§ **TASK REQUIREMENTS**
Transcribe the lines below exactly, beginning with the line that holds "Guess Kurtka przejściowa" and ending with the final line, both included. Pictures are to be left out.

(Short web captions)
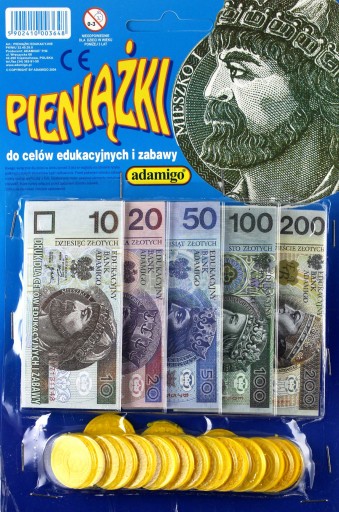 ADAMIGO PIENIĄDZE PL BILON 3648 [GRA]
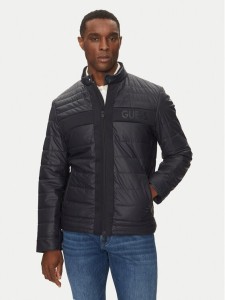 Guess Kurtka przejściowa M4YL16 WFHD0 Granatowy Regular Fit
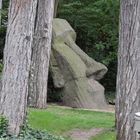 Osterkopf im Palmengarten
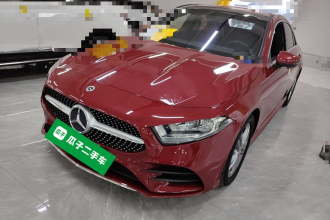 奔驰A级 2021款 改款 A 180 L 运动轿车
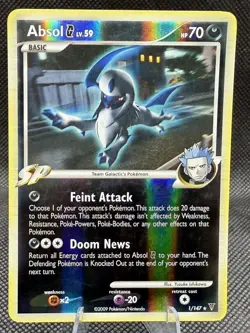 Absol G - 1/147 - Pokemon Supreme Victors Reverse Holo MP - Image 1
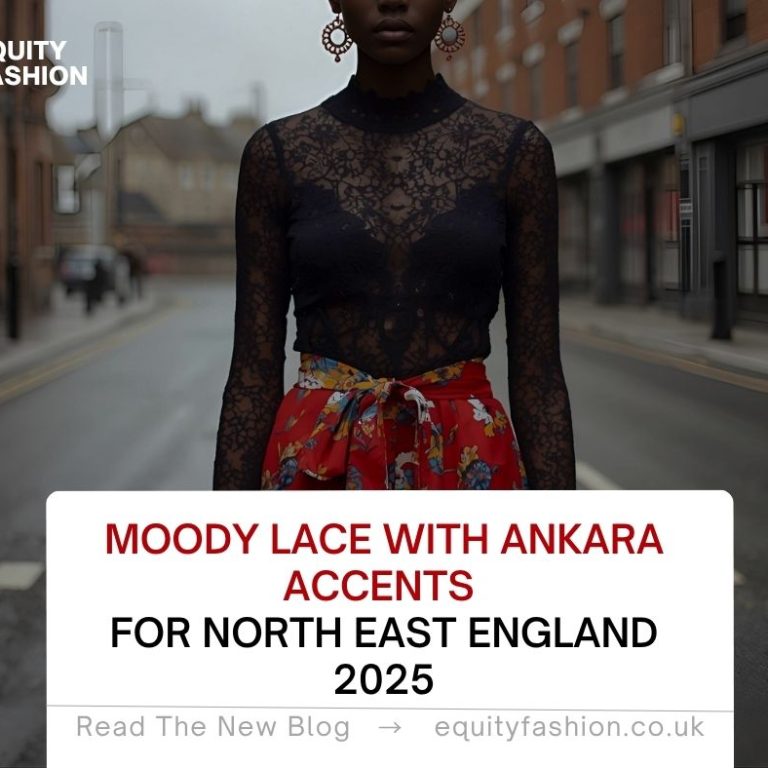 moody lace African fashion trends North East England 2025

§ **REPLY**
 Guess Kurtka przejściowa M4YL16 WFHD0 Granatowy Regular Fit
 Osterkopf im Palmengarten
 奔驰A级 2021款 改款 A 180 L 运动轿车
 Absol G - 1/147 - Pokemon Supreme Victors Reverse Holo MP - Image 1
 moody lace African fashion trends North East England 2025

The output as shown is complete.